Required work ->
Output only the lines below that start at the line containing "N91626, 1969 Cessna" and end at the line containing "Vespa Sidecar Tour: Highlights", with both ends kept.

[Crawled caption data]
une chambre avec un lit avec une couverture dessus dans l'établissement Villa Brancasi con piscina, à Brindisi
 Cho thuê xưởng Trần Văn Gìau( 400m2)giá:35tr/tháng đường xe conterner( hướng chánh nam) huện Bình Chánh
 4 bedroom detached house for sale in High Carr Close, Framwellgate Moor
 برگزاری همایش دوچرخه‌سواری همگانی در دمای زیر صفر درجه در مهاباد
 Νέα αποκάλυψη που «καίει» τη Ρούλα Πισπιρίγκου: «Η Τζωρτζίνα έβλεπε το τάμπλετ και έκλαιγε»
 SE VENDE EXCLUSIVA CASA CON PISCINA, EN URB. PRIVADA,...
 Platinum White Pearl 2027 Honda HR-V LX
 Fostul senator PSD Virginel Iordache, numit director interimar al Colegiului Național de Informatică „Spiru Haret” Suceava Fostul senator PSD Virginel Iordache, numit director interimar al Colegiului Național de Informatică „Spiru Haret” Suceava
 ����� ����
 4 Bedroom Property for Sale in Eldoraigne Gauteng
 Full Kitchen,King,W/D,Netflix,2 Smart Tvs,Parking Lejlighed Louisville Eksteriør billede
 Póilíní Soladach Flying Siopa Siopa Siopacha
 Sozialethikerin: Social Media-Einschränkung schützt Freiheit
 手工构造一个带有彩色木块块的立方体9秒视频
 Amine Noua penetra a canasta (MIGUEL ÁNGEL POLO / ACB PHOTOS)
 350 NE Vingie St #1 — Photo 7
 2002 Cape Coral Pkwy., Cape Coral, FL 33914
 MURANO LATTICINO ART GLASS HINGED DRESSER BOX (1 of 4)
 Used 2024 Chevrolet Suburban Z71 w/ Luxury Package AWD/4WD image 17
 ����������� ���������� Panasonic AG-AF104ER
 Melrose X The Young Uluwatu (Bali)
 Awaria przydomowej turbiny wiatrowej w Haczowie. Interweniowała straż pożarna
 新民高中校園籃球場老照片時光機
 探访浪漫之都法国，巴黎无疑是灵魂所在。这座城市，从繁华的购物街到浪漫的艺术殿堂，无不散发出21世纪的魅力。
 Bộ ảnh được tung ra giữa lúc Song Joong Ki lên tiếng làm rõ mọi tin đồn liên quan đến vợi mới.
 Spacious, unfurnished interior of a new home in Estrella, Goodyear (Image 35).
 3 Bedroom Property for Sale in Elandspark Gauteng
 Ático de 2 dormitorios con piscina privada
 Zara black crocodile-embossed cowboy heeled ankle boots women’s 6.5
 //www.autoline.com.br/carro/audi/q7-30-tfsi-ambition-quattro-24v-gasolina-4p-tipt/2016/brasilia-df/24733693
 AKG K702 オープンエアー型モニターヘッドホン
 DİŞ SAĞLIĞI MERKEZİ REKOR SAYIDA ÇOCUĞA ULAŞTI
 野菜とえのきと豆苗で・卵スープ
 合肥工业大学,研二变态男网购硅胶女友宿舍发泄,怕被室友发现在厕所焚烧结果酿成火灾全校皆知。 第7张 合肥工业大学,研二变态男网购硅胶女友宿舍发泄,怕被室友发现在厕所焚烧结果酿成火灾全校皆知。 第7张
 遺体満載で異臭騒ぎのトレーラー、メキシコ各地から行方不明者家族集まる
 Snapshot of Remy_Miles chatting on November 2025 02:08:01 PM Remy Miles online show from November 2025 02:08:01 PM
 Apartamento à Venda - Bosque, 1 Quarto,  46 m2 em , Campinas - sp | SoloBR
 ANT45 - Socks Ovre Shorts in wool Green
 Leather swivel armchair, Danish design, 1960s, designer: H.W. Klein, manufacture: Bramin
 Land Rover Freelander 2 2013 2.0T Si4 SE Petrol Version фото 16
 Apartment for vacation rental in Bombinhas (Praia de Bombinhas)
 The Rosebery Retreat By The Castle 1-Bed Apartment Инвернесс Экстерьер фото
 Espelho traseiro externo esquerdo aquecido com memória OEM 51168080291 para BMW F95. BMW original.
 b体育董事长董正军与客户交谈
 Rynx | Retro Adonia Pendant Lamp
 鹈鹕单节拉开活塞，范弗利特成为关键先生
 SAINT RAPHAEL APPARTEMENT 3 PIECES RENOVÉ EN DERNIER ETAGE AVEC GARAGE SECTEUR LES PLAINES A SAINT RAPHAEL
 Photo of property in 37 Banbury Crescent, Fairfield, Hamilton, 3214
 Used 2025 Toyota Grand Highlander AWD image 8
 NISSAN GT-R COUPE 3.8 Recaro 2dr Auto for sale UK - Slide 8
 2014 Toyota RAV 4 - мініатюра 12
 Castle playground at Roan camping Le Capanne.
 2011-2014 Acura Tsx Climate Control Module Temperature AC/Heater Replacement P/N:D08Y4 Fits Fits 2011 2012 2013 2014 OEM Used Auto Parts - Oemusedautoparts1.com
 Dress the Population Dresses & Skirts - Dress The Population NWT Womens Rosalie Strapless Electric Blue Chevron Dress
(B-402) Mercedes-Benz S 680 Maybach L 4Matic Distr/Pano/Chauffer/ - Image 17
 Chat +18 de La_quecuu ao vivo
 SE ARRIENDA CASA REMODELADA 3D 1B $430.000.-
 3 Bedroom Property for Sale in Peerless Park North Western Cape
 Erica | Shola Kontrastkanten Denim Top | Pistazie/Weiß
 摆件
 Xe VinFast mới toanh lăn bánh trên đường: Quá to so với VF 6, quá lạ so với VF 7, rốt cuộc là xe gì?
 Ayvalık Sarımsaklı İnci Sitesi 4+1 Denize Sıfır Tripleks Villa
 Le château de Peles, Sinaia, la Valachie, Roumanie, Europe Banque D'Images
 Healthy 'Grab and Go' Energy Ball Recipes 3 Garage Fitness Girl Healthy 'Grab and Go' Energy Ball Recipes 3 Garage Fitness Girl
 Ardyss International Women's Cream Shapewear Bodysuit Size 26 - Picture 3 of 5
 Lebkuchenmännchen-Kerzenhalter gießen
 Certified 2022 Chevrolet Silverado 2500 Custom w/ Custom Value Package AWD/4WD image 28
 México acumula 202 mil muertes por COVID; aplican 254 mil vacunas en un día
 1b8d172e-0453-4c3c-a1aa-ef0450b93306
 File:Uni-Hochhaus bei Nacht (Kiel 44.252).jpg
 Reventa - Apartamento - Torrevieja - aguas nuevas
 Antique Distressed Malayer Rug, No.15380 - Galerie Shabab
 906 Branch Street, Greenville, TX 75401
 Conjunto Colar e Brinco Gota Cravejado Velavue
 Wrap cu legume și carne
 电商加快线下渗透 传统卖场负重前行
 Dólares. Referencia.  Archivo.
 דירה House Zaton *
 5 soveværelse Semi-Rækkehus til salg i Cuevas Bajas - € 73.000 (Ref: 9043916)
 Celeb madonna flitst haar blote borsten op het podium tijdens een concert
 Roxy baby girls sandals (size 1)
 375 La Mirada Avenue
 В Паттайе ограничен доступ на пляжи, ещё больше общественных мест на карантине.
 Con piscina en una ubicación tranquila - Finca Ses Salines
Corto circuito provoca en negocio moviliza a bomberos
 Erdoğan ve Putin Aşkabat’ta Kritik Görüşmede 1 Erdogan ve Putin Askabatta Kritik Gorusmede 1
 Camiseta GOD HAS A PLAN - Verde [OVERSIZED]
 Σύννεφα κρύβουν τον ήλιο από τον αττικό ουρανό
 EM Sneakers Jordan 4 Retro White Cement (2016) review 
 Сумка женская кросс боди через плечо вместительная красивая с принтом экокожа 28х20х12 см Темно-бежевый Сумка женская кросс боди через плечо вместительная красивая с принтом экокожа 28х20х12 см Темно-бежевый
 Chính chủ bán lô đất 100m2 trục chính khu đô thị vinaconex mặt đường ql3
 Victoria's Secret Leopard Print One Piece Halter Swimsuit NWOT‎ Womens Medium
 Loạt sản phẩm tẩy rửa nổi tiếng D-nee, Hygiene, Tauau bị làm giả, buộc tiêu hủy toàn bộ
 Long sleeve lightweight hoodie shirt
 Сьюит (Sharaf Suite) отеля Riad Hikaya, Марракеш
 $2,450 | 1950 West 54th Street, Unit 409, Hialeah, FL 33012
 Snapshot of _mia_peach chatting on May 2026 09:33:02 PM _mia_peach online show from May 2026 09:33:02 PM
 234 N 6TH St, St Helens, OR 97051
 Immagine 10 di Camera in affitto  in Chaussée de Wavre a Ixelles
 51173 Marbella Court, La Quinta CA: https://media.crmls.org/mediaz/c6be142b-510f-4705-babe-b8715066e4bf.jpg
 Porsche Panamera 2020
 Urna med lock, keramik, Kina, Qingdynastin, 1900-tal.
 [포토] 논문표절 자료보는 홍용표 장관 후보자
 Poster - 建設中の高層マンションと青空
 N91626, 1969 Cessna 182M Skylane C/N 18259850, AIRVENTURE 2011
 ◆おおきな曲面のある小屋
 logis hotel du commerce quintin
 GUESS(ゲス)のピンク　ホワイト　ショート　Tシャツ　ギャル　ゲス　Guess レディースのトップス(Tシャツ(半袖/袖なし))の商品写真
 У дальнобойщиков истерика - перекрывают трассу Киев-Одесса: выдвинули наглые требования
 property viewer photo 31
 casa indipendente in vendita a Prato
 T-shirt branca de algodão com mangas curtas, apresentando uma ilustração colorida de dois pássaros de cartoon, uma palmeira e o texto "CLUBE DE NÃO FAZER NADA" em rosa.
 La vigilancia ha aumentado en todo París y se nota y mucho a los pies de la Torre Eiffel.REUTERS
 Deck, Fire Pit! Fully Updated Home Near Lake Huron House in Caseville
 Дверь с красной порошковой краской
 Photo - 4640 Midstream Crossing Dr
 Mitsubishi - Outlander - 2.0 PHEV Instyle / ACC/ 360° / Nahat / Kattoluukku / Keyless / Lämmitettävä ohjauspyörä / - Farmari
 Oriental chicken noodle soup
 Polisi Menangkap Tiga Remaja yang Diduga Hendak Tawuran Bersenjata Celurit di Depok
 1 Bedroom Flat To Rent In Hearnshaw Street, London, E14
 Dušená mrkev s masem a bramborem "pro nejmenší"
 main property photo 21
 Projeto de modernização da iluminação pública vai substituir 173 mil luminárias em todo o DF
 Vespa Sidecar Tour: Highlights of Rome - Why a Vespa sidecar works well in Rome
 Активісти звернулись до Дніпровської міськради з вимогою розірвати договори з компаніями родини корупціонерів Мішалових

Response to the exercise ->
 N91626, 1969 Cessna 182M Skylane C/N 18259850, AIRVENTURE 2011
 ◆おおきな曲面のある小屋
 logis hotel du commerce quintin
 GUESS(ゲス)のピンク　ホワイト　ショート　Tシャツ　ギャル　ゲス　Guess レディースのトップス(Tシャツ(半袖/袖なし))の商品写真
 У дальнобойщиков истерика - перекрывают трассу Киев-Одесса: выдвинули наглые требования
 property viewer photo 31
 casa indipendente in vendita a Prato
 T-shirt branca de algodão com mangas curtas, apresentando uma ilustração colorida de dois pássaros de cartoon, uma palmeira e o texto "CLUBE DE NÃO FAZER NADA" em rosa.
 La vigilancia ha aumentado en todo París y se nota y mucho a los pies de la Torre Eiffel.REUTERS
 Deck, Fire Pit! Fully Updated Home Near Lake Huron House in Caseville
 Дверь с красной порошковой краской
 Photo - 4640 Midstream Crossing Dr
 Mitsubishi - Outlander - 2.0 PHEV Instyle / ACC/ 360° / Nahat / Kattoluukku / Keyless / Lämmitettävä ohjauspyörä / - Farmari
 Oriental chicken noodle soup
 Polisi Menangkap Tiga Remaja yang Diduga Hendak Tawuran Bersenjata Celurit di Depok
 1 Bedroom Flat To Rent In Hearnshaw Street, London, E14
 Dušená mrkev s masem a bramborem "pro nejmenší"
 main property photo 21
 Projeto de modernização da iluminação pública vai substituir 173 mil luminárias em todo o DF
 Vespa Sidecar Tour: Highlights of Rome - Why a Vespa sidecar works well in Rome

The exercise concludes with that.